Bell v. True

356 F. Supp. 2d 613, 2005 U.S. Dist. LEXIS 2195, 2005 WL 372207
CourtDistrict Court, W.D. Virginia
DecidedFebruary 16, 2005
Docket7:04CV00752
StatusPublished
Cited by3 cases

This text of 356 F. Supp. 2d 613 (Bell v. True) is published on Counsel Stack Legal Research, covering District Court, W.D. Virginia primary law. Counsel Stack provides free access to over 12 million legal documents including statutes, case law, regulations, and constitutions.

Bluebook
Bell v. True, 356 F. Supp. 2d 613, 2005 U.S. Dist. LEXIS 2195, 2005 WL 372207 (W.D. Va. 2005).

Opinion

OPINION AND ORDER

JONES, Chief Judge.

Edward N. Bell is a state prisoner under capital sentence for murder who has given notice that he intends to file a petition for a writ of habeas corpus in this court. His conviction and sentence were affirmed on direct appeal by the Virginia Supreme Court, Bell v. Commonwealth, *614 264 Va. 172, 563 S.E.2d 695 (2002), cert. denied, 537 U.S. 1123, 123 S.Ct. 860, 154 L.Ed.2d 805 (2003), and his state post-convietion efforts have been unsuccessful. On December 23, 2004, I stayed Bell’s execution, which was scheduled for January 7, 2005, pursuant to McFarland v. Scott, 512 U.S. 849, 859, 114 S.Ct. 2568, 129 L.Ed.2d 666 (1994) (holding that a federal district court has jurisdiction to stay an execution prior to the filing of a formal habeas corpus petition). I also appointed counsel for Bell and allowed him to proceed in forma pauperis. Before me now are the state’s request that I require Bell to file his habeas petition within thirty days, and Bell’s objection to this request. In addition, Bell has moved for leave to employ investigative and expert assistance, to which the state has objected. Finally, the state objects to Bell’s efforts to provide information to the court ex parte with regard to the pending motions, and Bell seeks guidance as how to proceed in that regard in this litigation.

I

The state has requested that the court require Bell to file his petition within thirty days. Bell argues he is entitled to the entire time permitted by the one-year statute of limitations, which, according to Bell’s calculations, will run on August 11, 2005. I have previously rejected this same argument, see Lenz v. True, 324 F.Supp.2d 796, 797 (W.D.Va.2004), and I will further elaborate on my reasoning in this opinion.

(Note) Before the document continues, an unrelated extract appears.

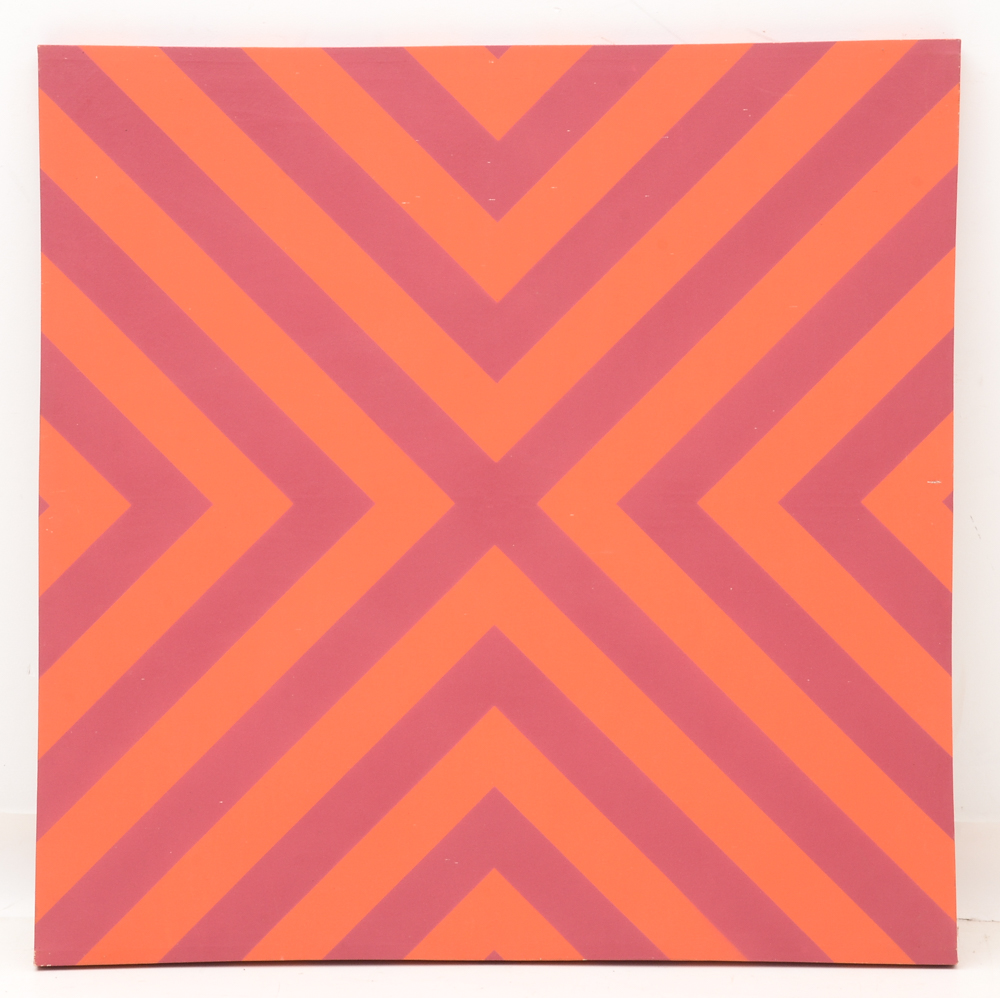 Pair of Vintage Op Art Serigraphs on Canvas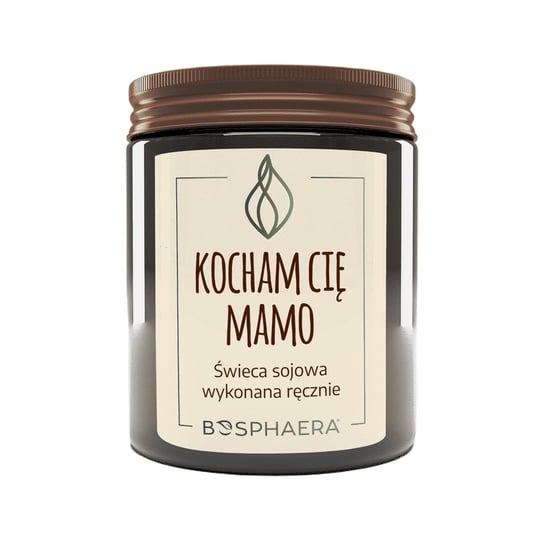 Sojowa świeca zapachowa - Kocham Cię Mamo - 190g - Bosphaera BOSPHAERA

In 1996, Congress enacted the Antiter-rorism and Effective Death Penalty Act (“AEDPA”), Pub.L. No. 104-132, 110 Stat. 1218 (1996). The AEDPA amended several portions of 28 U.S.C.A. § 2254 (West 1994 & Supp.2004), the statute which sets forth the procedures governing federal courts’ review of petitions for writs of ha-beas corpus. One such change involves the time limits placed on the filing of habe-as petitions by state prisoners.

Prior to passage of the AEDPA, “no statute limited the time available for a prisoner to file a habeas petition.” Brown v. Angelone, 150 F.3d 370, 371 (4th Cir.1998). Rule 9(a) of the Rules Governing Section 2254 Cases in the United States District Courts, which allows a district court to dismiss a petition filed after a delay prejudicial to the state, provided the only time limit and “[a] prisoner could wait almost a decade to file his habeas petition without violating Rule 9(a).” Id. at 372 (citing Lonchar v. Thomas, 517 U.S. 314, 322-29, 116 S.Ct. 1293, 134 L.Ed.2d 440 (1996)). The AEDPA imposed a one-year statute of limitations on the filing of habe-as petitions by state prisoners. 28 U.S.C.A. § 2244(d)(1). The limit was intended “to reduce delays in the execution of state and federal criminal sentences, particularly in capital cases and ‘to further the principles of comity, finality, and federalism.’ ” Woodford v. Garceau, 538 U.S. 202, 206, 123 S.Ct. 1398, 155 L.Ed.2d 363 (2003) (internal citations omitted).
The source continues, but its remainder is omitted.